**What you have to do**
Print the entries exactly as they appear, and omit any images.

(Material provided begins)

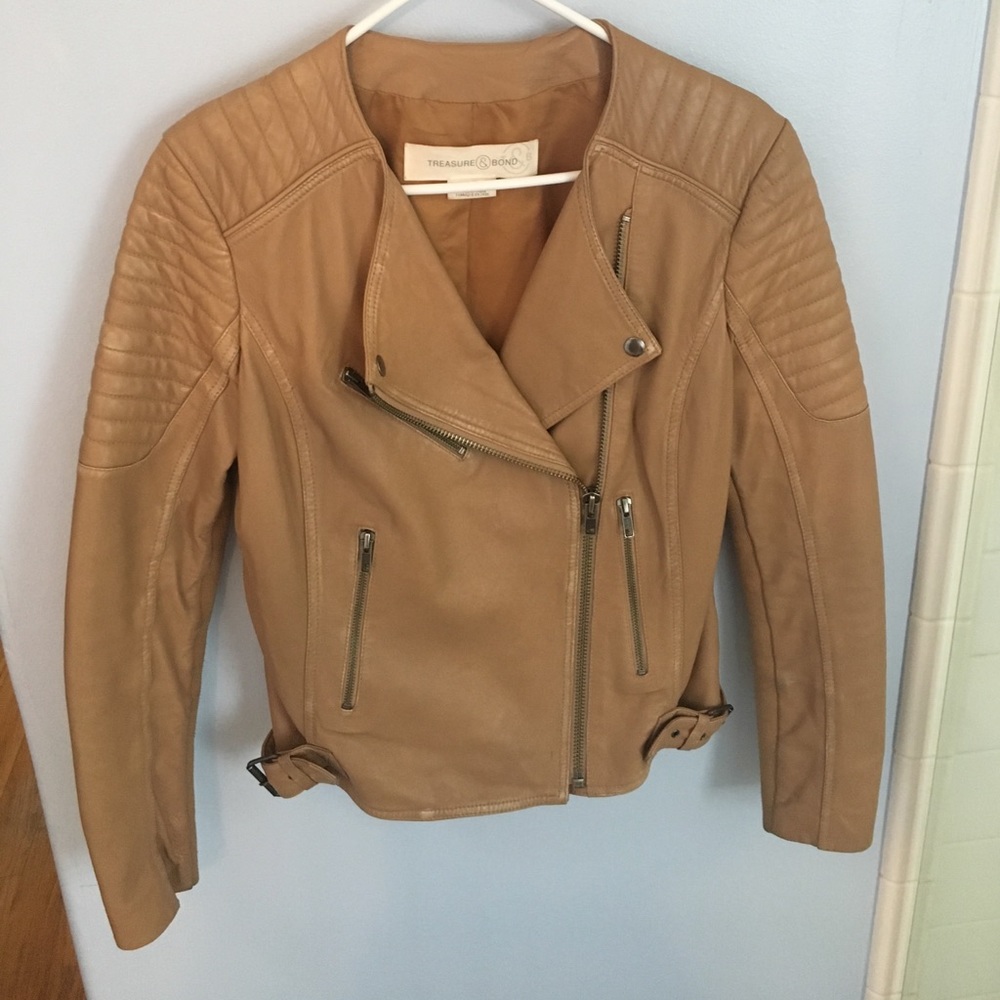 Treasure & Bond Camel Leather Moto Jacket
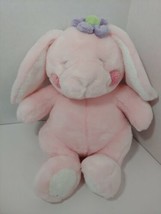 Animal Alley plush pink bunny rabbit sleeping purple green flower Toys r... - £28.23 GBP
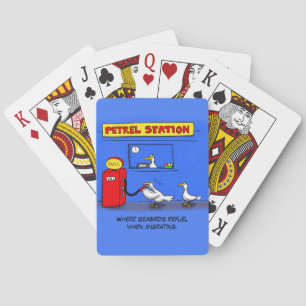 Funny sea gulls petrel cartoon humour playing cards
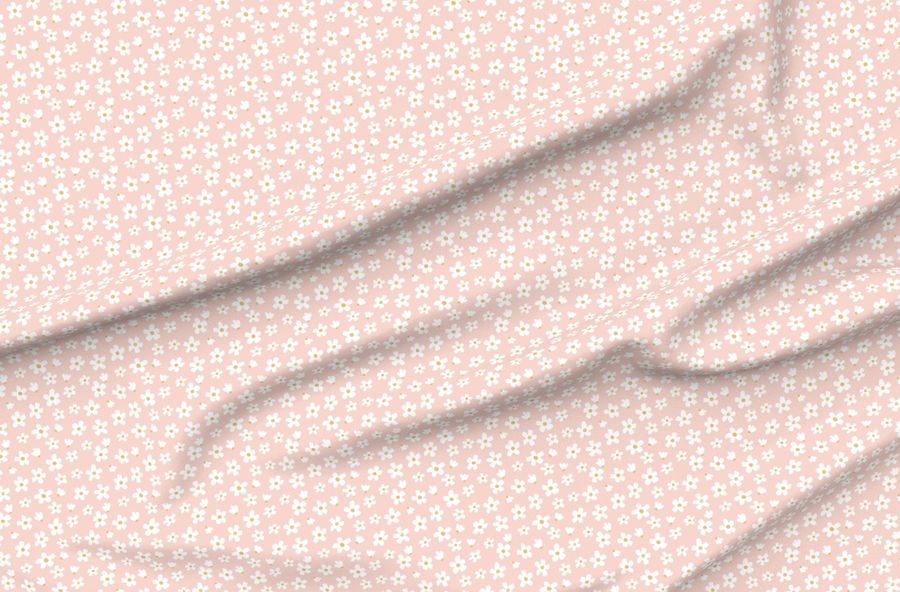 Small Cute Retro Daisy - Pink And Mustard Yellow Flowers - Boho Basics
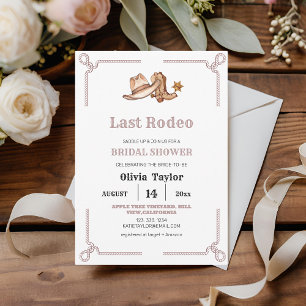 Bruiloft Cowgirl Westers Laatste Rodeo Bruidsfeest Kaart
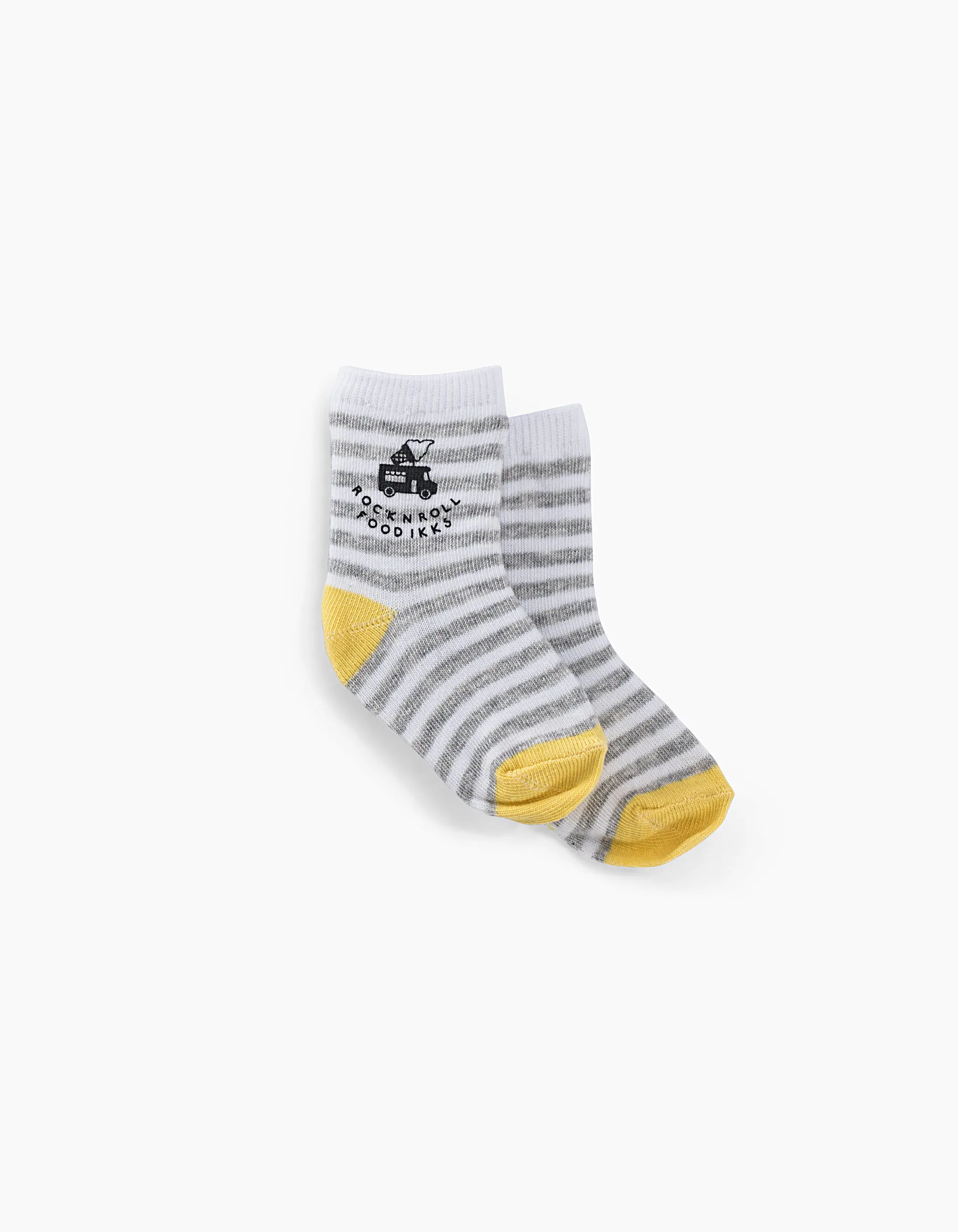 Chaussettes grises et jaunes bébé garçon 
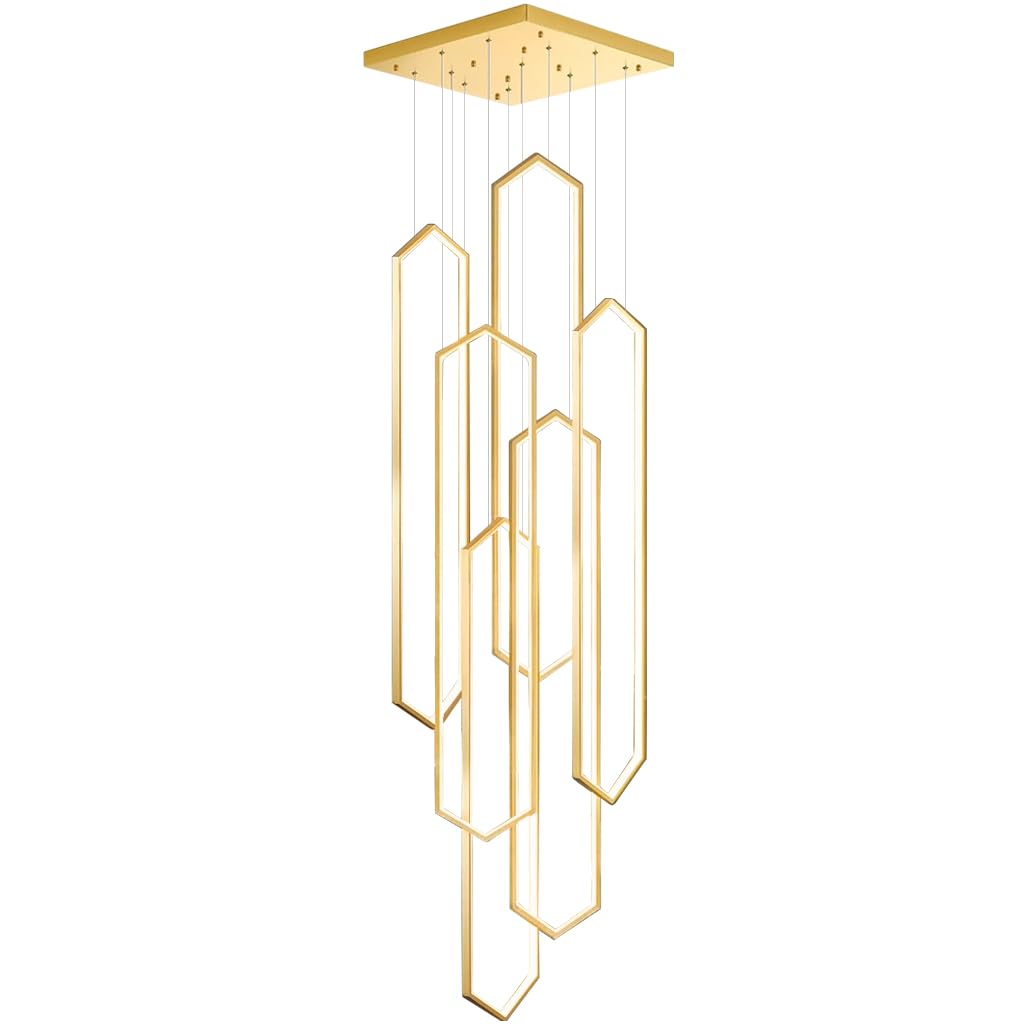 HXYSXHJUO Modern Cluster Chandelier, LED Dimmable Pendant Light with Remote Control, Adjustable Hanging Cord, High Ceiling Lighting Fixture for Stairwell or Foyer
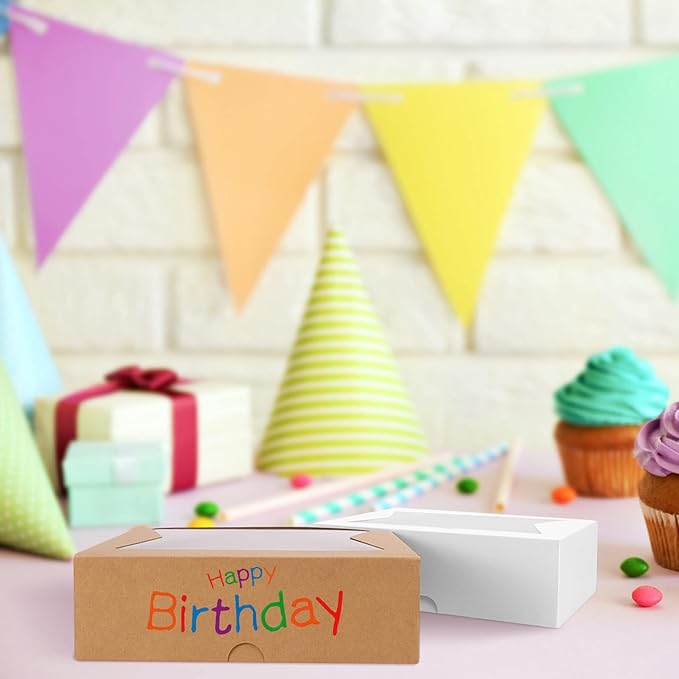 Eupako Cookie-Boxes-with-Window-8x6x2.5-Inhces-25pcs-Auto-Popup-White-Treat-Boxes for Bakery, Donuts, Candy, Pastry, Cupcakes, Biscuits, Chocolate Strawberries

(Material provided ends)

**Your response**
 Treasure & Bond Camel Leather Moto Jacket
 Animal Alley plush pink bunny rabbit sleeping purple green flower Toys r... - £28.23 GBP
 Funny sea gulls petrel cartoon humour playing cards
 Small Cute Retro Daisy - Pink And Mustard Yellow Flowers - Boho Basics
 Bruiloft Cowgirl Westers Laatste Rodeo Bruidsfeest Kaart
 Chaussettes grises et jaunes bébé garçon 
 HXYSXHJUO Modern Cluster Chandelier, LED Dimmable Pendant Light with Remote Control, Adjustable Hanging Cord, High Ceiling Lighting Fixture for Stairwell or Foyer
 Eupako Cookie-Boxes-with-Window-8x6x2.5-Inhces-25pcs-Auto-Popup-White-Treat-Boxes for Bakery, Donuts, Candy, Pastry, Cupcakes, Biscuits, Chocolate Strawberries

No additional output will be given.